Importing dates and datetimes in R
Now, onto your question.
- So, we have decided that YYYY-MM-DD is the preferred way to display dates and datetimes, and often the default in R and
lubridate
.
- If you have date/datetime data in R, it is best to make sure R knows this and stores the values in datetime, rather than character format. This is especially useful if you want to manipulate, modify or visualise the data.

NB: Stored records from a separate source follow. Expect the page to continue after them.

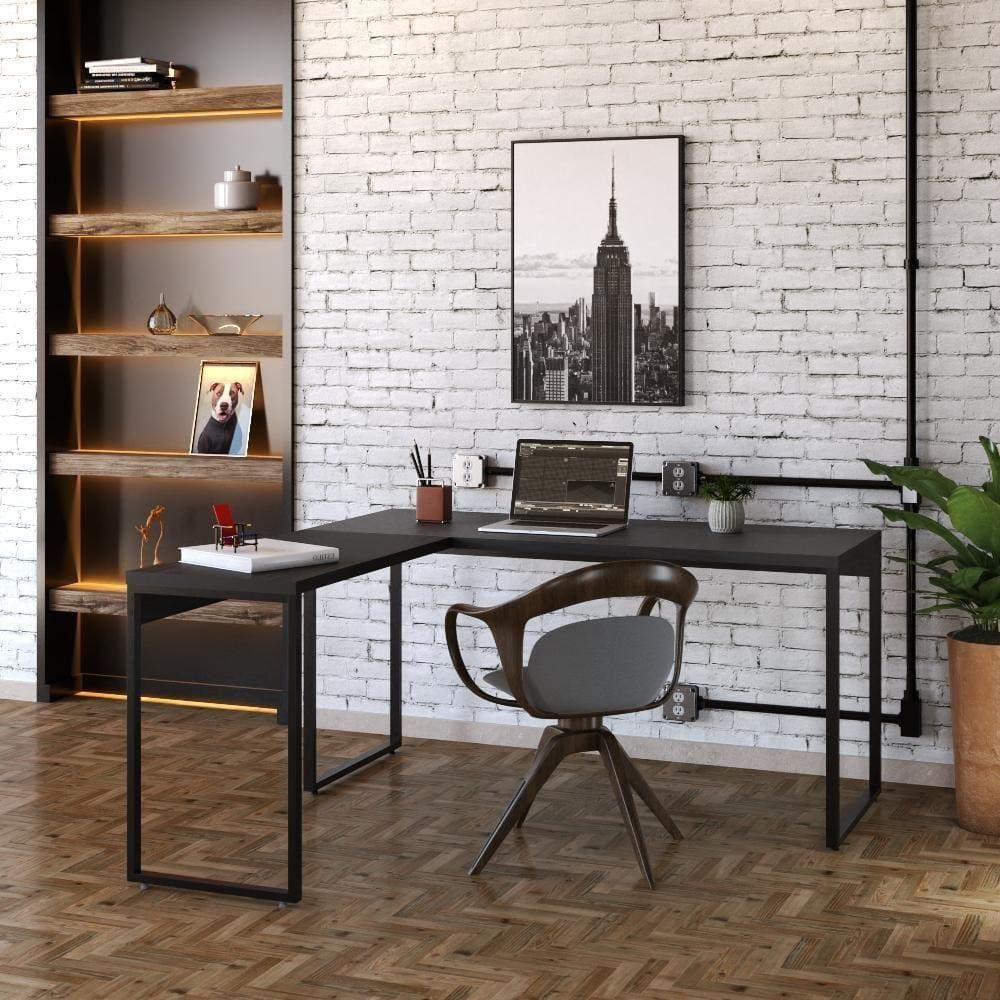 Mesa Em L Diretor 150X150X75Cm Preto Ônix/Est.Preta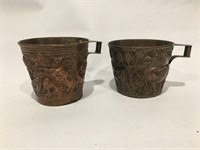 PAIR OF BRASS CUPS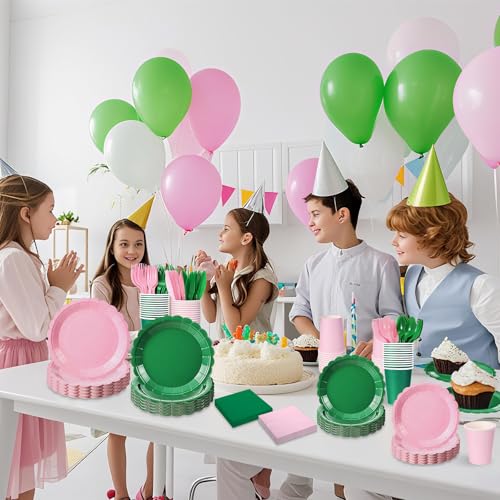 Pink and Green Party Supplies 168pcs Set - Paper Plates Cups Napkins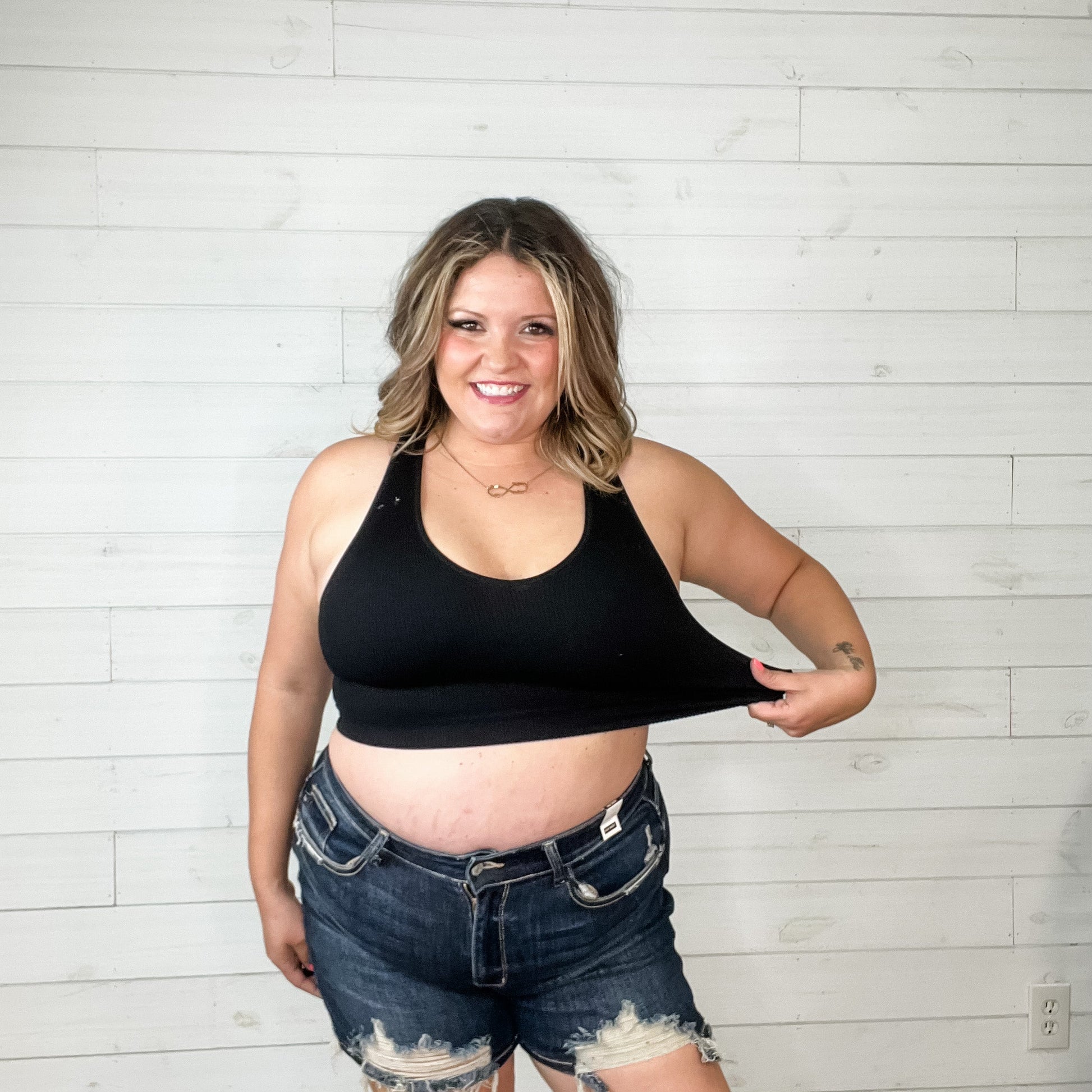 Ribbed Cropped Racerback Bralette Tank (Multiple Colors)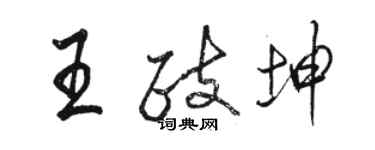 骆恒光王政坤行书个性签名怎么写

First I load the lubridate
package, then make some sample values written out in YYYY-MM-DD HH:MM:SS and DD-MM-YYYY HH:MM:SS formats.
library(lubridate)
tibble(
date1 = "2019-01-01 22:05:00",
date2 = "02-01-2019 16:45:00"
) %>%
{. ->> my_dates}
# # A tibble: 1 x 2
# date1 date2
# <chr> <chr>
# 2019-01-01 22:05:00 02-01-2019 16:45:00
Note, both datetimes are in character format, as seen by the <chr>
under the column names.
To convert these into datetime format, we use the lubridate
functions of ymd_hms()
and friends, or as_datetime()
. As seen on ?as_datetime
and ?ymd_hms
, these functions take a datetime in character or numeric format, and convert them to datetime format - they are not for modifying the way an existing datetime-formatted datetime is displayed (much the same as the important difference between setting the CRS and re-projecting spatial data).
ymd_hms()
takes a character-format datetime, which has to be in the year-month-day hour-minute-second format, and converts it to datetime format. If the datetime character is not in that format, you must use a different function which matches the character's format, such as dmy_hms()
, mdy_hm()
etc. So, let's use the appropriate functions to convert each of these characters to datetime format:
my_dates %>%
mutate(
date1 = ymd_hms(date1),
date2 = dmy_hms(date2)
) %>%
{. ->> my_dates_dttm}
my_dates_dttm
# # A tibble: 1 x 2
# date1 date2
# <dttm> <dttm>
# 2019-01-01 22:05:00 2019-01-02 16:45:00
Alternatively, we can use as_datetime()
and specify the exact format the datetime is in using symbols and notation outlined here. In this example, %d
means the day number, %m
means the month number, %Y
means the year number (capital Y
means 4-digit version, lowercase is 2-digit), %H
is the hour number, %M
is the minute number (note capitalisaiton - different to month number), and %S
is the seconds.
my_dates %>%
mutate(
date1 = as_datetime(date1, format = '%Y-%m-%d %H:%M:%S'),
date2 = as_datetime(date2, format = '%d-%m-%Y %H:%M:%S')
) %>%
{. ->> my_dates_dttm}
# # A tibble: 1 x 2
# date1 date2
# <dttm> <dttm>
# 2019-01-01 22:05:00 2019-01-02 16:45:00
These functions cannot be used to try and convert the way datetimes are displayed; if you're lucky you will get NA
, and if you're unlucky you will get incorrectly formatted data. This is the source of common errors such as All formats failed to parse. No formats found.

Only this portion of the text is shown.